[Input data]
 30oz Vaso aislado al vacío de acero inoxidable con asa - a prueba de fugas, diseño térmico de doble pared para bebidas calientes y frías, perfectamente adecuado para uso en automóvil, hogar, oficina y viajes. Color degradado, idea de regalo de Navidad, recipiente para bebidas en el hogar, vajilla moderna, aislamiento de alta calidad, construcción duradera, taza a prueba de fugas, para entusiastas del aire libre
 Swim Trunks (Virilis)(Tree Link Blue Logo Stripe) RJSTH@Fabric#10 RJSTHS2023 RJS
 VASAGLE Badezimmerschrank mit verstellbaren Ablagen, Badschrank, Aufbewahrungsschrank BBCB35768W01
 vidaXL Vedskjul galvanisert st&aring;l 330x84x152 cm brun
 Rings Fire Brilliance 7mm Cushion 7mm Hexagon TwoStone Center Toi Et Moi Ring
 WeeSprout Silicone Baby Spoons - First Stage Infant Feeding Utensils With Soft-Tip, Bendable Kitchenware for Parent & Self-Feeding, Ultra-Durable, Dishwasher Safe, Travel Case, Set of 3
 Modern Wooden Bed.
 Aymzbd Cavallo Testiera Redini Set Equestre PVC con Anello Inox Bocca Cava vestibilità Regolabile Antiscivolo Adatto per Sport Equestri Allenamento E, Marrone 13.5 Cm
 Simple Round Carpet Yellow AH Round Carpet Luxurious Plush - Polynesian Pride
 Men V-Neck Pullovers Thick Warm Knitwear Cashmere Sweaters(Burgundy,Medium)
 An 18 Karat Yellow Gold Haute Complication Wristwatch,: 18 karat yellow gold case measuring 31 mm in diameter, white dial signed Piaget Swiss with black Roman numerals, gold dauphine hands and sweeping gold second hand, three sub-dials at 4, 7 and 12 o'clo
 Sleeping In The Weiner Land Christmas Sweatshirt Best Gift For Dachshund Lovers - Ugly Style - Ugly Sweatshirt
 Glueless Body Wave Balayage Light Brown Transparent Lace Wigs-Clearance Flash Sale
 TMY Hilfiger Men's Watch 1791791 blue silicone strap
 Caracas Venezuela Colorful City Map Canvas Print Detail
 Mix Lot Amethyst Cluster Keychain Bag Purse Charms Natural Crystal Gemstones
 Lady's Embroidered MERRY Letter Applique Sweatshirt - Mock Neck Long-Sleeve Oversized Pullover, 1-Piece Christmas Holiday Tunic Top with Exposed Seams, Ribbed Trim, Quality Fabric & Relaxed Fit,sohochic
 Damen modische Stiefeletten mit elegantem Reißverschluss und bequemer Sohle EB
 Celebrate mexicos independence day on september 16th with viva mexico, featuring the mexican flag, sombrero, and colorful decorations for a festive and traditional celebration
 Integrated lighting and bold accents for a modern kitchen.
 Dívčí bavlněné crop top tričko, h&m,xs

[How to complete this task]
For the string "Sweatshirt", show each line of the listing where it appears.

[Answer for the task]
 Sleeping In The Weiner Land Christmas Sweatshirt Best Gift For Dachshund Lovers - Ugly Style - Ugly Sweatshirt
 Lady's Embroidered MERRY Letter Applique Sweatshirt - Mock Neck Long-Sleeve Oversized Pullover, 1-Piece Christmas Holiday Tunic Top with Exposed Seams, Ribbed Trim, Quality Fabric & Relaxed Fit,sohochic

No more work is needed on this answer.